Yesterday I attended a daylong workshop at Harvard Law School about alternative compensation systems for digital media. It was a great meeting, with many interesting people saying interesting things. There was a high density of other bloggers, including Ernie Miller, John Palfrey, Derek Slater, Aaron Swartz, and Eugene Volokh, and I hope to read their reactions to the meeting. (Eugene has already posted a brief recap.)

The morning focused on mandatory license systems, such as those proposed by Fisher and Netanel. The conversation immediately turned to the core problem, which strategic behavior by users, intended to channel the system’s revenues to their friends. Examples include Eugene Volokh’s “Second Amendment Blues” scenario, in which the NRA releases a song and NRA members obsessively download and play it, and my scenario in which I play and play my brother’s off-key rendition of “Feelings”. The result is that tax money gets channeled to the NRA or my brother, rather than to real artists. Everybody agreed that this cannot be eliminated, but there are some things you can do to reduce the distortion it causes. (And don’t forget that the goal is only to be less inefficient than the current system.) Two issues remained largely unexplored. First, some have suggested that social norms will cause most people to avoid gaming the system, out of a feeling of obligation to artists. We don’t know how strong those norms will prove to be. Second, some people expressed concern that people will find other perverse ways to respond to the off-kilter incentives that a mandatory license creates. It seems to me that we can predict most of the first-order effects of a mandatory license, but we haven’t thought much about second- and third-order effects.

There was also some discussion about the “porn problem” – the fact that some of the media material consumed under the license will be pornographic, and there will be strong political opposition to any system that causes the government to send checks to porn publishers. (Excluding porn from the system raises other legal and practical problems.) One response is to propose a system in which each person gets to designate the destination of their own tax money. That helps the political problem somewhat, but I still think that some people would object to any system that treats porn as a legitimate kind of content.
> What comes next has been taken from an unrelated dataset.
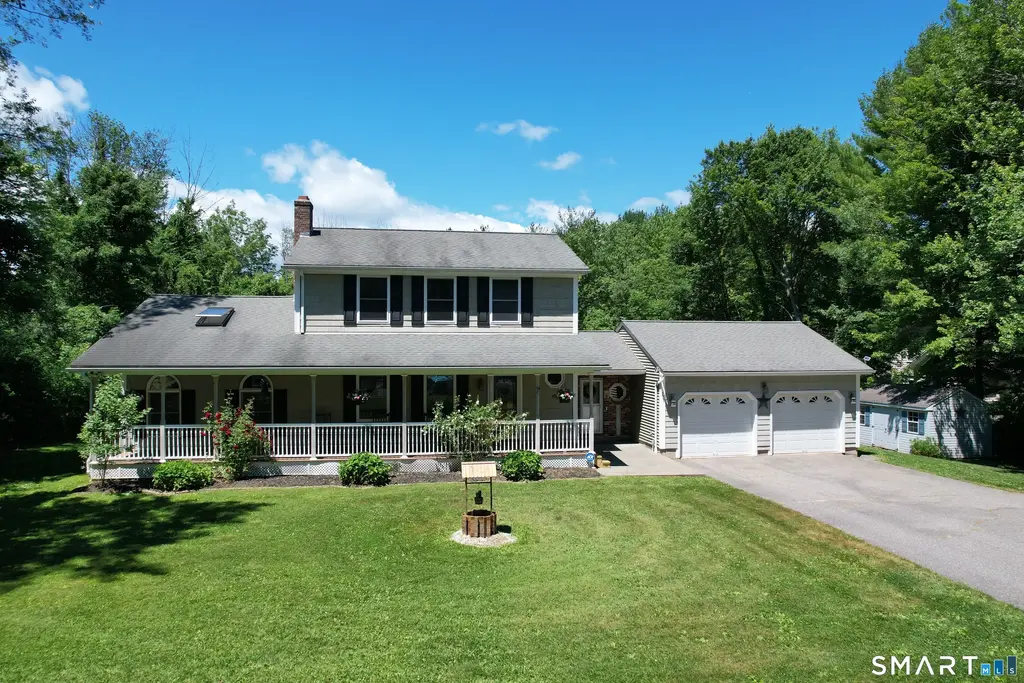 237 Wallens Hill Road, Winchester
At the end of the morning I was a bit less pessimistic than before about the advisability of adopting a mandatory license. But I’m still far from convinced that it’s the right course.

The afternoon discussion was about voluntary license schemes. And here an interesting thing happened. We talked for a while about how one might structure a system in which consumers can license a pool of copyrighted music contributed by artists, with the revenue being split up appropriately among the artists. Eventually it became clear that what we were really doing was setting up a record company! We were talking about how to recruit artists, what contract to sign with artists, which distribution channels to use, how to price the product, and what to do about P2P piracy of our works. Give us shiny suits, stubble, tiny earpiece phones, and obsequious personal assistants, and we could join the RIAA. This kind of voluntary scheme is not an alternative to the existing system, but just another entrant into it.

This is not to say that a few ISPs or universities can’t get together and cut a voluntary deal with the existing record companies (and other copyright owners). Such a deal would still be interesting, and it would lack some of the disadvantages of the more ambitious mandatory license schemes. Of all of the blanket license schemes, this would be both the least risky and the easiest to arrange. But it hasn’t happened yet. (Penn State’s deal with Napster doesn’t count, since it’s just a bulk purchase of subscriptions to a service, and not a blanket license that allows unrestricted use of music on the campus.)

All in all, it was a very instructive and fun meeting. Big thanks to the Harvard people for arranging it. And now, due to a big snowstorm, I get to spend an extra day or two in lovely Cambridge.